Work instruction » Give back, character for character, the line that includes "Men's Business Warm Woolen Coat" and all lines beneath it in the data.

Entries shown »
>>>

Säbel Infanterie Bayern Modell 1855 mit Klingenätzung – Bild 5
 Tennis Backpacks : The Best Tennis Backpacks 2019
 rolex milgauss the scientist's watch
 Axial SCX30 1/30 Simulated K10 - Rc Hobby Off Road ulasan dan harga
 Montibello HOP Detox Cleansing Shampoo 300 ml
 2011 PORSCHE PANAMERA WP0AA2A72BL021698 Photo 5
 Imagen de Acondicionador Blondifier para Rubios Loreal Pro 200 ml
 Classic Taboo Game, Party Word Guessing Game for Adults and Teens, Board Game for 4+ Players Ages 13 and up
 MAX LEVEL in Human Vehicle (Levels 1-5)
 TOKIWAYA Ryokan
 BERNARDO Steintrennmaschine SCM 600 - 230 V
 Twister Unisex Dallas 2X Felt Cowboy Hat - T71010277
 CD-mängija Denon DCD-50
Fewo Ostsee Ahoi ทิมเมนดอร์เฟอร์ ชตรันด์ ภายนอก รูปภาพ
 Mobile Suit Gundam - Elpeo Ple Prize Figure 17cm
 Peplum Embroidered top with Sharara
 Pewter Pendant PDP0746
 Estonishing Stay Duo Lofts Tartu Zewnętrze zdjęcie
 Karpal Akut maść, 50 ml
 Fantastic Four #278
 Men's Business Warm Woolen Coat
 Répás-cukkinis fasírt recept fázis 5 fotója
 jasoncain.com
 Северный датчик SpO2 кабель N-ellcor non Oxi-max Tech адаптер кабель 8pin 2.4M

<<<

Task output »
 Men's Business Warm Woolen Coat
 Répás-cukkinis fasírt recept fázis 5 fotója
 jasoncain.com
 Северный датчик SpO2 кабель N-ellcor non Oxi-max Tech адаптер кабель 8pin 2.4M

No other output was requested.